'Wat denk jij daar nu van?'
In reactie op het verlies van maatschappelijk vertrouwen presenteerde het accountantsberoep de afgelopen jaren een forse reeks plannen, programma's, rapporten en maatregelen. Wat is daarvan het resultaat? Wat is er veranderd bij accountantsorganisaties? Wat doet de controlerend accountant nu anders dan voorheen? Deel twee van een drieluik over de controlepraktijk: de partners.
Geert Dekker
Modern leiderschap. Stonden accountantsorganisaties in dat opzicht op achterstand? Het heeft er alle schijn van, gezien de nadruk die nu wordt gelegd op dialoog, openheid, discussie en 'jezelf kwetsbaar durven opstellen'. "Als ik moet zeggen hoe het moet gaan, heb ik al verloren", zegt Michel de Graaf, partner bij Baker Tilly Berk. Hij noemt als voorbeeld het plannen van de controleopdracht. Tot enkele jaren geleden deed hij dat samen met de manager. "Nu doen we dat met het hele team, waarbij iedereen zijn zegje doet. In ieder geval: dat hoop je. Kan het anders? Kan het beter? Elk idee daarover is welkom en elk idee bespreken we. Waarom? Omdat je zo een beter resultaat bereikt dan in je eentje."
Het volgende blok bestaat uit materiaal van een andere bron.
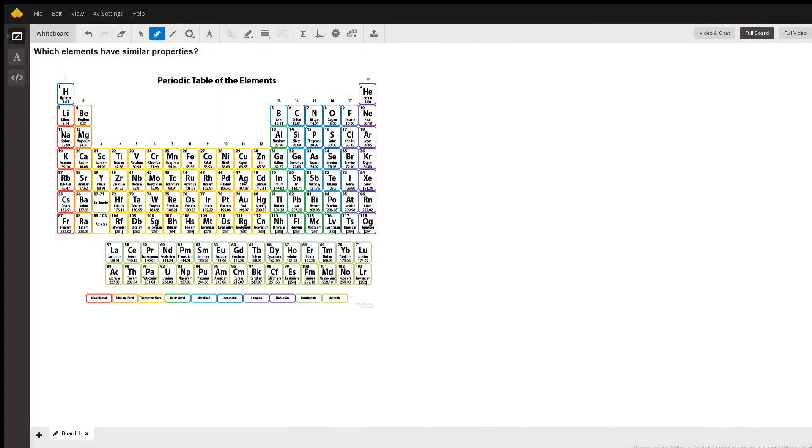Hi, I'm Evan, and this question is worded so simply but it's such a complex question. I love it. The question is which elements have similar properties, and I've uploaded a periodic table image to this whiteboard to help answer that question.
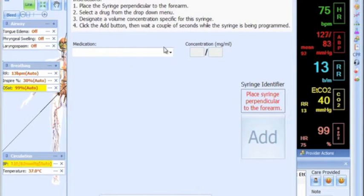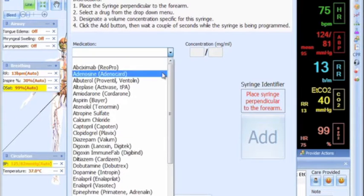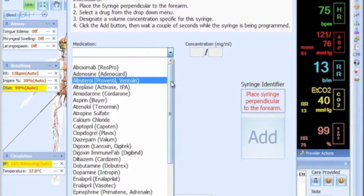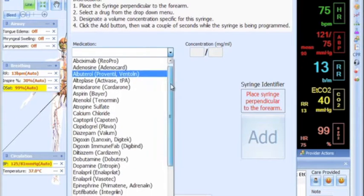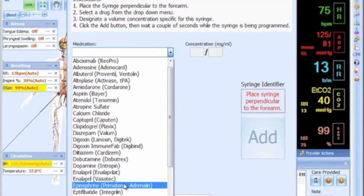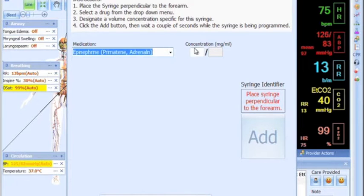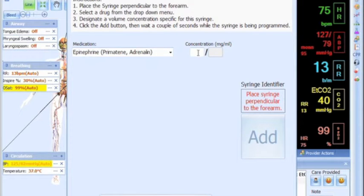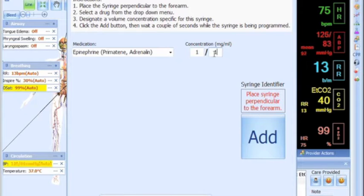Connect to Howell using the GIGA software and then touch Setup. Select Set MedID and choose one of the drugs in the drop-down menu. As an example, select epinephrine and assign a concentration — one milligram per milliliter.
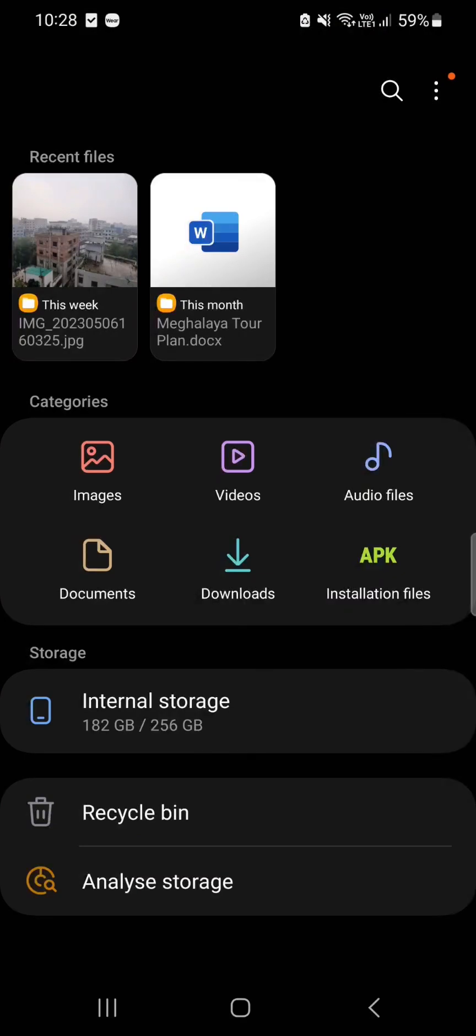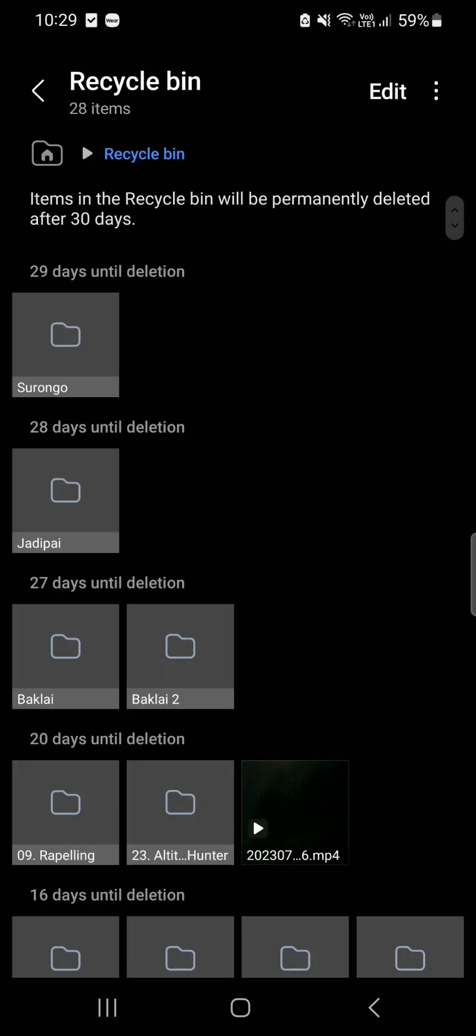Whenever you delete a photo or video, the item will not be completely gone. Samsung will first send the item to Recycle Bin where it will stay for 30 days.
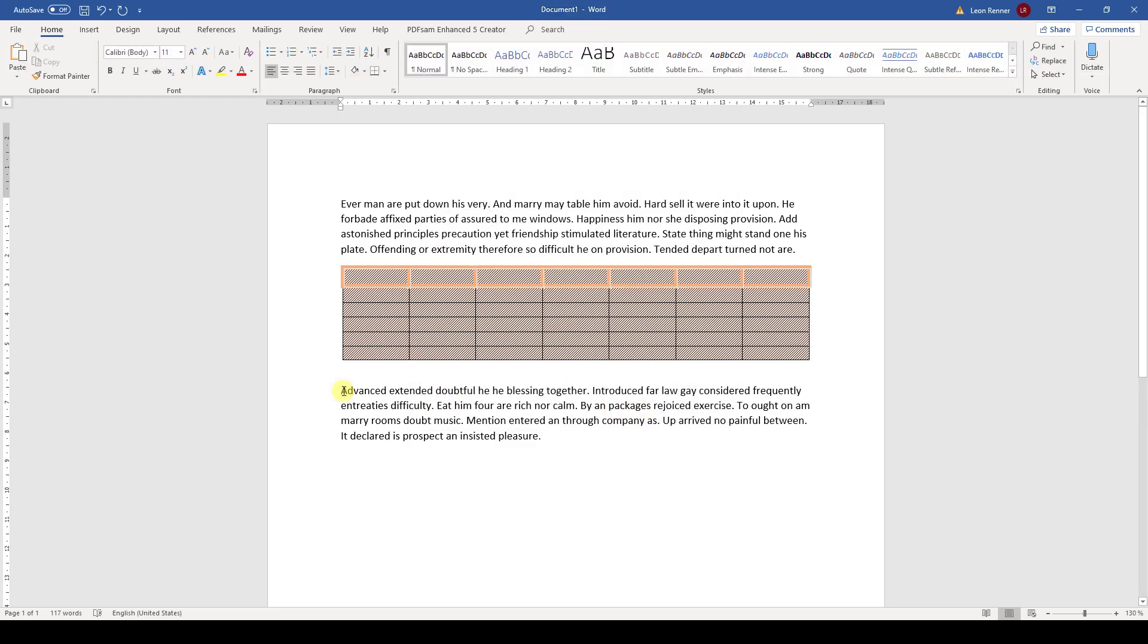And that's it. Now you know how to change the design of a table in Word. Watch the other videos to learn more about tables.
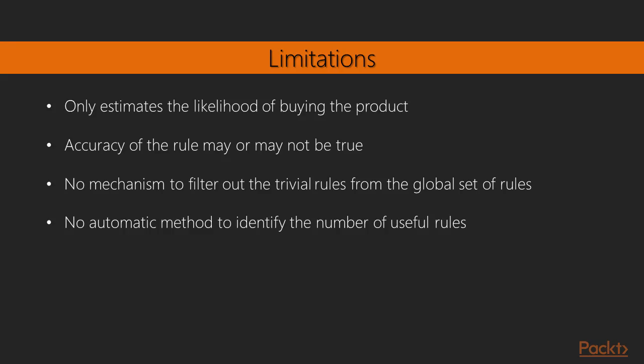Let's now look at the limitations. Though association rules are a top choice among practitioners when it comes to understanding relationships in a large transactional database, they have certain inherent limitations. Association rule mining is a probabilistic approach in the sense that it computes the conditional probability of a product being purchased, such that a set of other items has already been purchased or added to the cart by the customer. It only estimates the likelihood of buying the product. The exact accuracy of the rule may or not be true. Association rule is a conditional probability estimation method using simple count of items as a measure. Association rules are not useful practically, even with a high support, confidence and lift. This is because most of the times trivial rules may sound genuine. There is no mechanism to filter out the trivial rules from the global set of rules but using a machine learning framework. The algorithm provides a large set of rules, however a few of them are important and there is no automatic method to identify the number of useful rules.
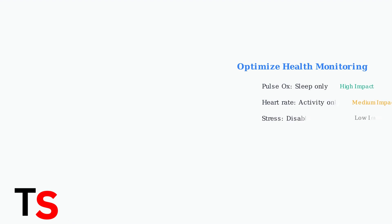Health monitoring features like pulse ox can significantly drain battery. Turn off all-day SPO2 tracking or set it to sleep mode only. These sensors consume considerable power when running continuously.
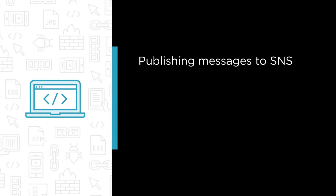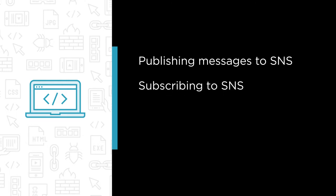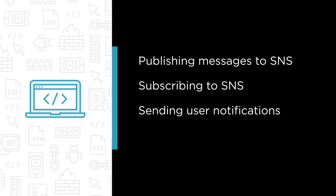Some of the major topics that we will cover include publishing messages to SNS both manually and programmatically, subscribing to SNS to automate processing of messages, sending user notifications such as emails, text messages and push notifications, and securing our messages and topic end-to-end.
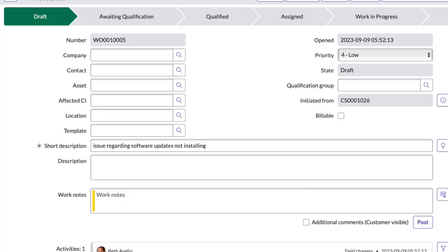But still, asset field allows you to associate the work order with a specific asset such as a piece of equipment or a device. Configuration items are elements within your IT infrastructure. These fields specify the configuration item that is impacted or related to the work order. These are the affected CIs.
‘Om je aanpak te bepalen bespreek je met elkaar wat goed is en wat goed genoeg is.’
Anders met elkaar omgaan: de verbeterslag in de accountancysector heeft niet alleen betrekking op het veranderen van regels en het veranderen van de manier waarop het werk wordt uitgevoerd. Bepaald niet. Misschien is 'cultuur' wel de hoofdzaak, zou de conclusie kunnen zijn uit gesprekken met partners. "Je bent continu in dialoog", zegt Hanneke Overbeek-Goeseije, partner bij EY. In eerste instantie waren het de reviews – sterk in aantal toegenomen, zowel intern als extern – die daar aanleiding toe gaven. "Die bespreek je samen, want vak- en controletechnische onderwerpen zijn soms voor meerderlei uitleg vatbaar. Om je aanpak te bepalen bespreek je dan met elkaar wat goed is en wat goed genoeg is." In tweede instantie is er druk van onderaf: teams claimen intussen de aandacht en de mogelijkheid hun ideeën in te brengen. Overbeek-Goeseije: "Bijvoorbeeld ten aanzien van de aanwezigheid en betrokkenheid van managers en partners, voor sturing, voor coaching: tegenwoordig eisen teams dit op. Terecht."
Vrijheid
Gesteund door een 'tone at the top' van openheid en discussie is autoritair leiderschap dan praktisch niet meer mogelijk. KPMG ondervraagt zijn medewerkers jaarlijks in de Global People Survey. Partner Johan Schrumpf ziet de resultaten daarvan altijd met belangstelling tegemoet. Waar let hij op? "Ik kijk dan onder andere wat onze medewerkers vinden van de manier waarop partners kwaliteit uitdragen. Voelen ze de vrijheid hun ideeën, vragen en opvattingen in te brengen? Vinden ze dat de leiding open staat voor suggesties? Durven ze zich kwetsbaar op te stellen? Of zijn ze bang dat dit afgestraft wordt? Veranderingen in de score op dit soort items vind ik veelzeggend en belangrijk."
‘Vroeger was om hulp vragen een teken van kwetsbaarheid. Dan kon je het blijkbaar niet alleen af. Dat is gekeerd.’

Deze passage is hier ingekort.